• EXERCISE DETAILS: An acceptable answer repeats exactly the line containing "Porsche 911 Boxster" and all lines that follow it in the listing below, and it includes no pictures.

• TASK INPUT:
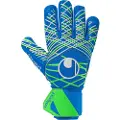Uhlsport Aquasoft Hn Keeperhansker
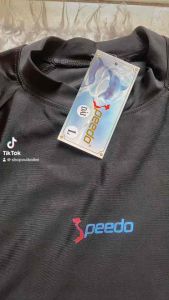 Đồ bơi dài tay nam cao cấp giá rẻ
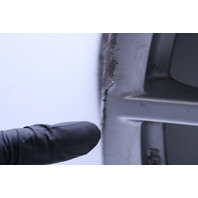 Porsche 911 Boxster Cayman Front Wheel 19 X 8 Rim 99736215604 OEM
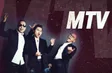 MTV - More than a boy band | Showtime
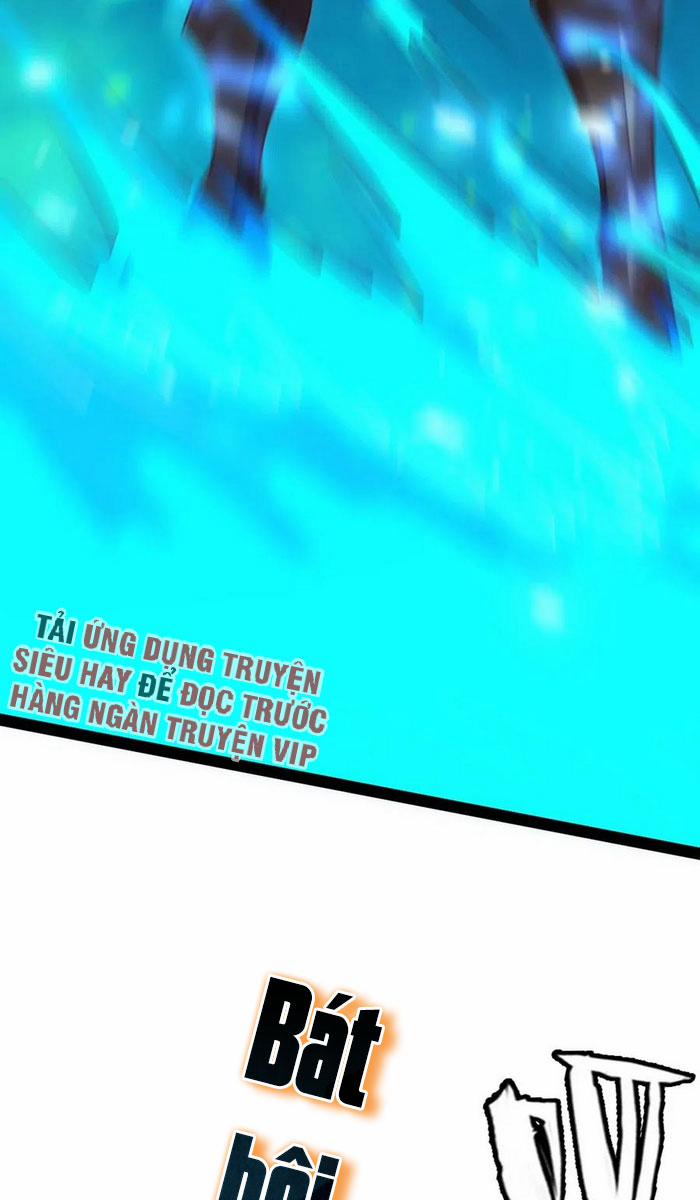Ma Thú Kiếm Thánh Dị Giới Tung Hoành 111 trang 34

• ANSWER TO THIS TASK:
 Porsche 911 Boxster Cayman Front Wheel 19 X 8 Rim 99736215604 OEM
 MTV - More than a boy band | Showtime
Ma Thú Kiếm Thánh Dị Giới Tung Hoành 111 trang 34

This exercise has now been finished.